◆ WHAT YOU SHOULD DO
Check each line of the data, and copy those where "Premium" appears.

Entries taken from a collection
-- Opening Marker --

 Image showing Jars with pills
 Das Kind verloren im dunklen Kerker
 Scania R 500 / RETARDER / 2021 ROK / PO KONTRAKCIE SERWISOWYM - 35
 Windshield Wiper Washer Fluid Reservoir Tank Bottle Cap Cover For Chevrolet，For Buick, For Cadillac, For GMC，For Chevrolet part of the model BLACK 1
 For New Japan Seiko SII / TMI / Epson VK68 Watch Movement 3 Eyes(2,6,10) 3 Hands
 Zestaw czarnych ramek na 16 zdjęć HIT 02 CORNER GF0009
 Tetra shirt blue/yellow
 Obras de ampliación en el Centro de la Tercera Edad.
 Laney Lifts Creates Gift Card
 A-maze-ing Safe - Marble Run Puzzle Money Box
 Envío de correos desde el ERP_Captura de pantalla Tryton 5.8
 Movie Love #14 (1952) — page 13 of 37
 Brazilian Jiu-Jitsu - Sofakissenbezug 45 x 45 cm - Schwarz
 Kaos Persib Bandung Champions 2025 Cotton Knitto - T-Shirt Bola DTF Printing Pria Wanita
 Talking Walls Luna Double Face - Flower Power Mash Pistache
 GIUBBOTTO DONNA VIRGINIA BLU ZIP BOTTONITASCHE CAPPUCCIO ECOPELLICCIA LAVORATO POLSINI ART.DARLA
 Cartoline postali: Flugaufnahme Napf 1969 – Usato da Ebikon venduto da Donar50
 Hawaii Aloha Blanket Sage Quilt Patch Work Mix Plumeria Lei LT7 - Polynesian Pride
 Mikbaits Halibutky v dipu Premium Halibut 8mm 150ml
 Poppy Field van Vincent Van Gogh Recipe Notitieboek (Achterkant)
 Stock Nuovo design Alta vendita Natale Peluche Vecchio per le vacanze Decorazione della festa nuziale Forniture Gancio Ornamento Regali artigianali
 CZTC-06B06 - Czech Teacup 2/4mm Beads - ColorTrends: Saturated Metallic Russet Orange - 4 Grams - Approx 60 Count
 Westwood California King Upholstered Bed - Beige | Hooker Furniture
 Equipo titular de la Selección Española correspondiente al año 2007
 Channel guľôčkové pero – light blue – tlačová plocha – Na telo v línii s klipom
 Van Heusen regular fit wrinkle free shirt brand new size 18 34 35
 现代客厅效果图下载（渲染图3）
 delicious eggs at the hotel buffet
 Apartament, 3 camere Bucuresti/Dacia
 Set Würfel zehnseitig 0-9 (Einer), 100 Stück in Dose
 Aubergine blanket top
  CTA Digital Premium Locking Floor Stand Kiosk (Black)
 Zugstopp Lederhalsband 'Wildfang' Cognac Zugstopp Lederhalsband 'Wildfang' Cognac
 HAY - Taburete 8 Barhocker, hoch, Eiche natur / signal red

-- Closing Marker --

◆ FINAL ANSWER
 Mikbaits Halibutky v dipu Premium Halibut 8mm 150ml
  CTA Digital Premium Locking Floor Stand Kiosk (Black)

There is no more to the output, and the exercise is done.